Western Australia Heritage Register
- Type: State Registered Place
- Designated: 26 June 2002
- Reference no.: 8895

= Model Timber Home =

Heritage listed building in Western Australia

Model Timber Home is the name, for heritage-listing purposes, of a timber-framed house in Floreat, Western Australia. Designed by Reginald Summerhayes, the plans won a competition for the design of an ideal cheap modern timber-framed home. The house was subsequently built on donated land, using donated materials and labour in 1934.

==History==
In the 1930s, Western Australia's Royal Institute of Architects (RIA) established a Building Revival Campaign, aimed at stimulating the home building industry, which, like all industries, was suffering the effects of the Great Depression. The campaign held a competition for the best design of a modern timber house costing less than £A 600, equivalent to in , and similarly for a brick house. The winner of the timber house section was the Californian Bungalow style design of Reginald Summerhayes, from which Model Timber Home would be built.
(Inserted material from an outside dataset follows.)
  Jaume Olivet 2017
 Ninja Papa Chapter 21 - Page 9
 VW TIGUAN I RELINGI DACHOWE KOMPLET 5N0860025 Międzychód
Following the competition, the campaign sought donations of land, materials and labour, so that houses might be constructed from the winning designs. A number of offers of land were made, and RIA accepted an offer of two blocks in the first subdivision of the new suburb of Floreat Park (now Floreat). Model Timber Home was built on one of these blocks in 1934.

==Style and condition==
It is a jarrah weatherboard home built in the interwar Californian Bungalow style, with influences of Australian Georgian revival style. It remained in original ownership until recently, and retains many of the original features, including fittings and furnishings. The authenticity extends to the garden, which contains the original fences, gates, pergola, paving, paths and plants.

The only loss of authenticity arises from a small extension that was added in the 1970s, which resulted in the loss of one of the original bedrooms.

==Heritage significance==
The building is significant as one of a small number of architect-designed buildings of the time; as an excellent example of interwar Californian Bungalow style architecture; and as one of the first houses built in Floreat. Also, since Floreat was one of the first Perth suburbs built according to the principles of the garden city movement, the entire streetscape has significance as one of the first in Perth to be subject to planning regulations controlling urban design criteria such as setback. Finally, the weatherboard construction is rare in Floreat, as restrictions were later put on its use in construction.